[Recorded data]

<<<<

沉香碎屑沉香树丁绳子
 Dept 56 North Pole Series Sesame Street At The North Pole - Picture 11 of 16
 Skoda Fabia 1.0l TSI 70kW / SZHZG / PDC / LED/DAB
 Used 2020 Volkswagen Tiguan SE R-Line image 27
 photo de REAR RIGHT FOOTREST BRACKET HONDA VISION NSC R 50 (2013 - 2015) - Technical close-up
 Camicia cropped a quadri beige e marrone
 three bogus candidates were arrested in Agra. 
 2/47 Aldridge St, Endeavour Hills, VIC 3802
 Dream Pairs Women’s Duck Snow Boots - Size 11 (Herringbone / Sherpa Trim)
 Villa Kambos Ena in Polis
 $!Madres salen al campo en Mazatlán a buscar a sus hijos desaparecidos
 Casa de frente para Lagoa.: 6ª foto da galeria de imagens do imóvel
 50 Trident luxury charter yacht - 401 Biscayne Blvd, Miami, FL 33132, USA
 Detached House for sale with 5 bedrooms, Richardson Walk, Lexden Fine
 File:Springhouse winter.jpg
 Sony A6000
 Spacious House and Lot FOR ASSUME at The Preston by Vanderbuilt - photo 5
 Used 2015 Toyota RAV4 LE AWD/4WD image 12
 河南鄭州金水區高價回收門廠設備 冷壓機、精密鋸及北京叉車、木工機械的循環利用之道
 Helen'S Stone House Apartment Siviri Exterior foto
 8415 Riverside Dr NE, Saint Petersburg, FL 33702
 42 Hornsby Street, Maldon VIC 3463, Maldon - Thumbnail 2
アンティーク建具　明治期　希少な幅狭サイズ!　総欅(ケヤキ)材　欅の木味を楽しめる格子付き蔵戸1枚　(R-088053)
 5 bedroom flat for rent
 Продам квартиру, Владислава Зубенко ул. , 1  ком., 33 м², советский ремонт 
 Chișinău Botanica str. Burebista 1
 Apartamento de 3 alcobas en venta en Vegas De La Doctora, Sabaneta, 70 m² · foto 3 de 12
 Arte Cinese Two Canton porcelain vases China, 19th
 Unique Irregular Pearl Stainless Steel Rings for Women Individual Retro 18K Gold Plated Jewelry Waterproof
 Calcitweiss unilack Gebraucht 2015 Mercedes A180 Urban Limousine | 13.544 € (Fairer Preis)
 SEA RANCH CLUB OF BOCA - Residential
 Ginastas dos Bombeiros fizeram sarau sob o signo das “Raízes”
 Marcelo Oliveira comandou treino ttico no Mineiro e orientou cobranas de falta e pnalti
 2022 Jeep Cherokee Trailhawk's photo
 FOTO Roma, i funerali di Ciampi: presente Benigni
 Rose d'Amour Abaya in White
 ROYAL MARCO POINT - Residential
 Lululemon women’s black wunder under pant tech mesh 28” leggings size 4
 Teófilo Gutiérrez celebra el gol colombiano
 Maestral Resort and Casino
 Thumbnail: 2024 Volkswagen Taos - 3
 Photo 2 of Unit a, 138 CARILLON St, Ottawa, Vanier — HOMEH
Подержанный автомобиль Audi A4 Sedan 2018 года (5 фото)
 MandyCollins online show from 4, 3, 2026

>>>>

## TASK DESCRIPTION:
Return exactly what appears in the records from the line with "Marcelo Oliveira comandou" through the final line, and nothing else.

## YOUR RESPONSE:
 Marcelo Oliveira comandou treino ttico no Mineiro e orientou cobranas de falta e pnalti
 2022 Jeep Cherokee Trailhawk's photo
 FOTO Roma, i funerali di Ciampi: presente Benigni
 Rose d'Amour Abaya in White
 ROYAL MARCO POINT - Residential
 Lululemon women’s black wunder under pant tech mesh 28” leggings size 4
 Teófilo Gutiérrez celebra el gol colombiano
 Maestral Resort and Casino
 Thumbnail: 2024 Volkswagen Taos - 3
 Photo 2 of Unit a, 138 CARILLON St, Ottawa, Vanier — HOMEH
Подержанный автомобиль Audi A4 Sedan 2018 года (5 фото)
 MandyCollins online show from 4, 3, 2026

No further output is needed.